• _Dataset entries_:
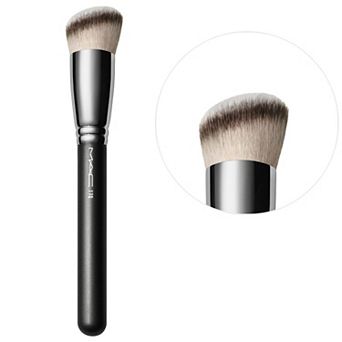 MAC Cosmetics 170 Synthetic Rounded Slant Brush for Buffing and Blending Liquid/Cream Foundation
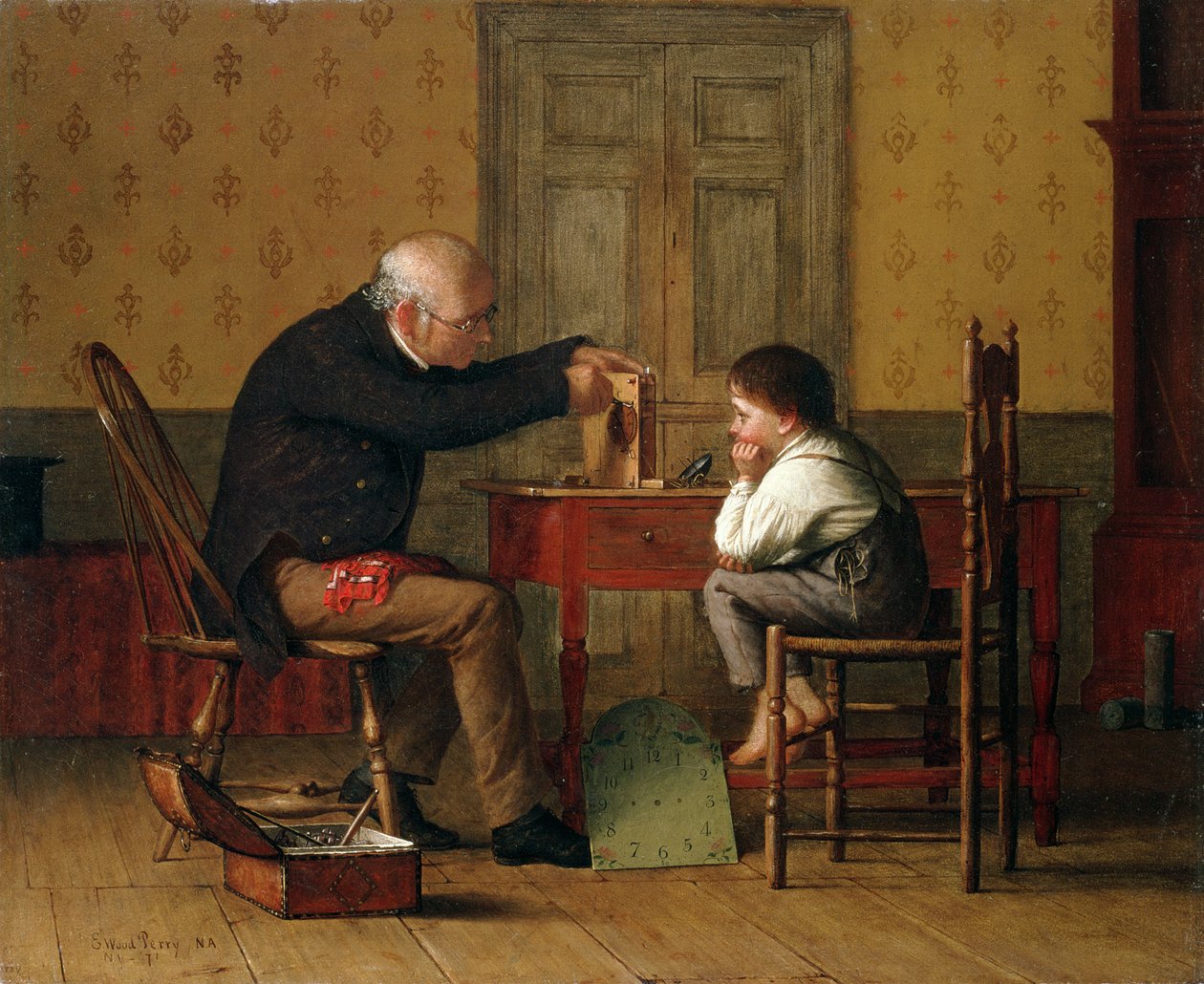 Saat Doktoru, 1871 by Enoch Wood Perry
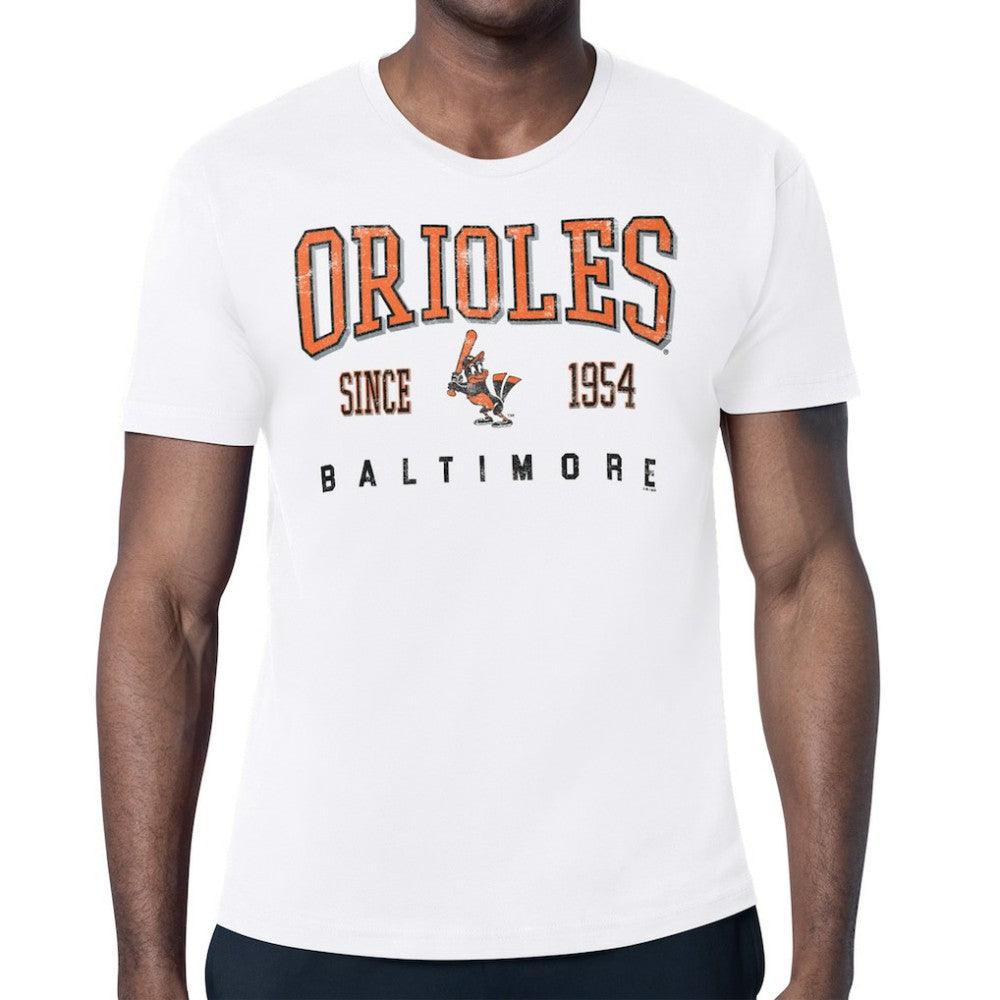 Baltimore Orioles Starter Distressed Logo T-Shirt - White T-shirts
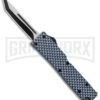 Firecracker Mini Sim Carbon Fiber D/A OTF Automatic Knife - Two Tone Tanto -Kershaw Shop Firecracker Mini Sim CF DA OTF Auto TT Tanto GX 37638 jr large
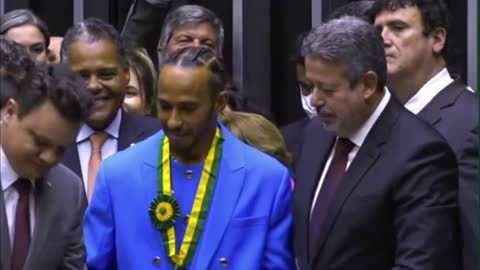 Lewis Hamilton received Title of Brazilian Honorary Citizen 🏅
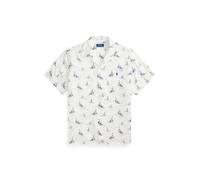 Multi Camisa de lino con estampado náutico XS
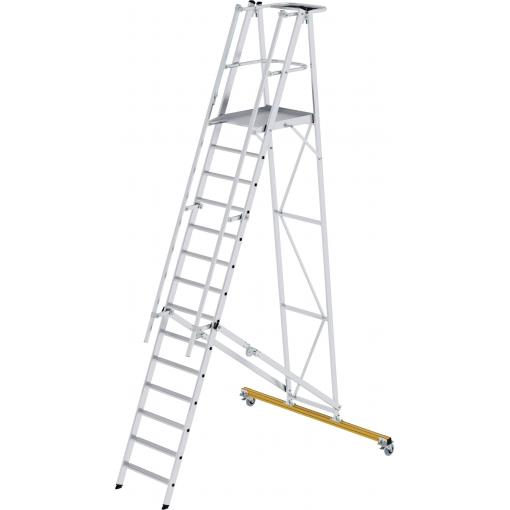 MUNK Günzburger Steigtechnik 52314 hliník žebřík s platformou Montáž pomocí nástrojů max.prac. výška: 5.25 m 76 kg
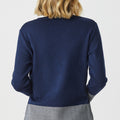 Harriet Herringbone Detail Long V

• _Exercise goal_:
Please return the data above exactly as it stands from the line with "Saat Doktoru, 1871 by Enoch Wood Perry" to the line with "Firecracker Mini Sim Carbon", keeping both of those lines but none of the pictures.

• _Result of this task_:
 Saat Doktoru, 1871 by Enoch Wood Perry
 Baltimore Orioles Starter Distressed Logo T-Shirt - White T-shirts
 Firecracker Mini Sim Carbon Fiber D/A OTF Automatic Knife - Two Tone Tanto -Kershaw Shop Firecracker Mini Sim CF DA OTF Auto TT Tanto GX 37638 jr large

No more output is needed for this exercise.